You can spot the ironwork throughout the city’s fences, window grills, balconies, railings and gates that are embellished with the time-honored craft. The Jasper’s fencing along Broad Street pays tribute to this classic element of design. Once a symbol of wealth during the Colonial Era, the demand for craftsmen who harness the ornate ability to hand-forge the works of art remains strong. Today, wrought iron is a luxurious, refined accessory for Charleston’s homes, churches, banks and boutiques. This rare artistry is mastered by few, including the late craftsmen Philip Simmons, known as one of the most skilled ironworkers in the country. Philip’s remarkable gift has been a prevailing legacy throughout the Holy City and beyond.
Throughout his career, Philip designed over 500 wrought iron masterpieces and has been recognized with many honors including the South Carolina Hall of Fame and “The Order of the Palmetto,” South Carolina’s highest award. His talent and appreciation for the craft has fueled Charleston’s love for the ornamental decorations.
The Daniel Island-native realized his passion for wrought iron when he was a schoolboy in Charleston, admiring the ironwork on his walks to Buist School downtown. His curiosity grew by visiting craftsmen shops where artists blended creativity, patience and skill into beautiful works of art.
When Philip was 12 years old, he became a blacksmith apprentice to Peter Simmons, a local wheelwright. Philip learned the tradition of welding ornamental iron and began his fulfilling and passionate career during the 1930s.
During this era, wrought iron’s soaring popularity led to the rise of less expensive alternatives like cast iron and steel, but many Charleston residents maintained a fondness for the genuine craft by blacksmiths like Philip.

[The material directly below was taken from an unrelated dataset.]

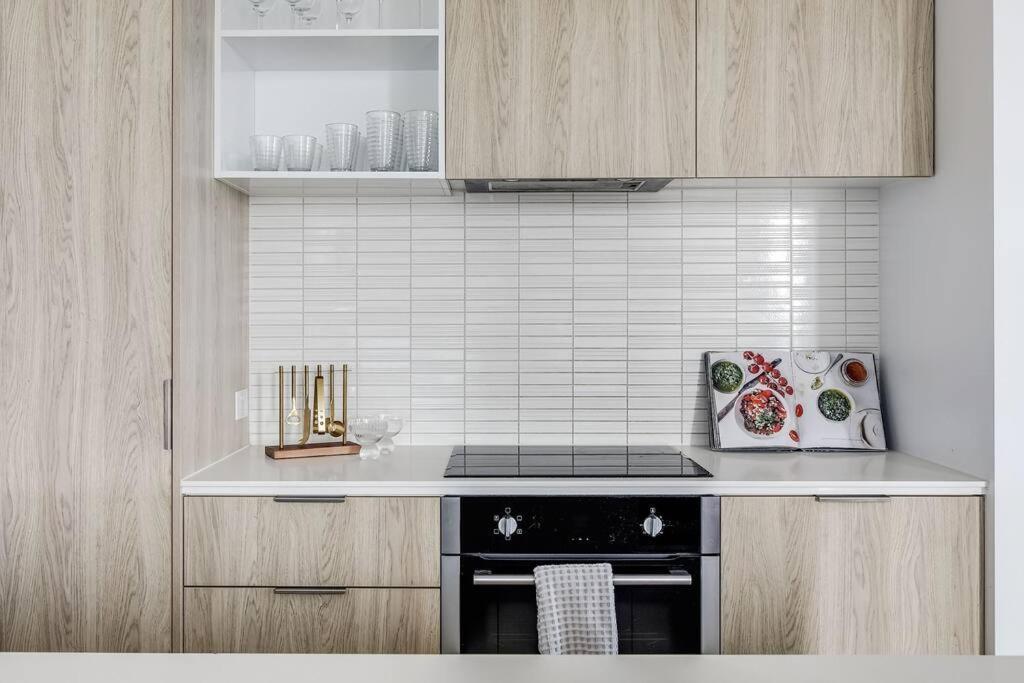 Lux Sky High Beachside Haven By Ready Set Host *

His iconic artistry is far different than manufactured cast iron, aluminum or steel imitations. Cast iron works are designed by pouring melted iron into a mold, whereas wrought iron is made by melding a heavy alloy with heat then hand-forging its design. The word “wrought” comes from the word “worked,” which is its significant distinction. Its beauty and respected craftsmanship make it a proud staple in the Holy City.
Philip’s work possesses more than just durable material, but a precision that makes you stop and appreciate its elegance. Next time you visit Liberty Square, the Charleston Visitor Center, or the Charleston International Airport, you’ll see Philip’s ornamental masterpieces hung on display even since his passing in 2009.

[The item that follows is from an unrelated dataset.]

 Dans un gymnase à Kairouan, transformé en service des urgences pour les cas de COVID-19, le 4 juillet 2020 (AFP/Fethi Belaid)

“Philip Simmons is a poet of ironwork. His ability to endow raw iron with pure lyricism is known and admired throughout, not only in South Carolina, but as evidenced by his many honors and awards, he is recognized in all of America,” said John Paul Huguley, Founder of the American College of the Building Arts.

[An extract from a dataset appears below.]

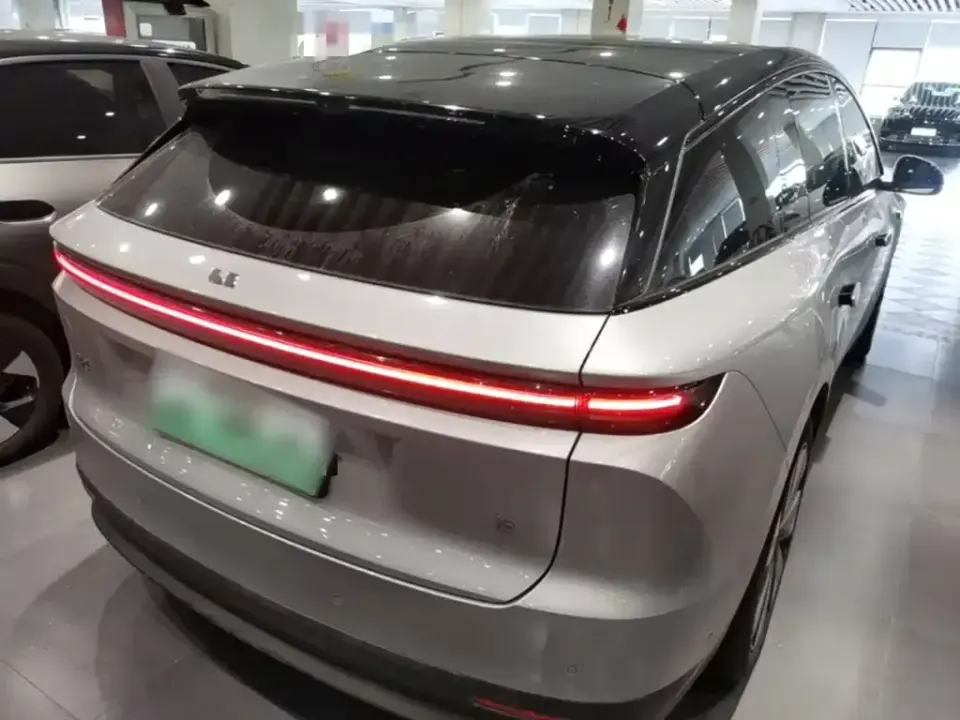 Li Li i6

Philip’s gift awarded him the National Heritage Fellowship, the highest honor traditional artist can receive by the National Endowment for the Arts. He is also honored in places like the National Museum of American History, the Museum of International Folk Art and the Atlanta History Center. After Philip retired from active forging, he intentionally invited tourists and students to his shop so they could learn more about the art.
When Philip passed away in 2009, his nephew and cousin, who were once his apprentices, took over his old workshop. They continue to actively forge while teaching visitors about the historic art of wrought iron decorations. Philip’s home next door was transformed into a museum for his wrought iron creations. You can also visit the Philip Simmons Memorial Garden on Anson Street, one of the most visited gardens in Charleston to witness a stunning oasis featuring fences and gates he handcrafted.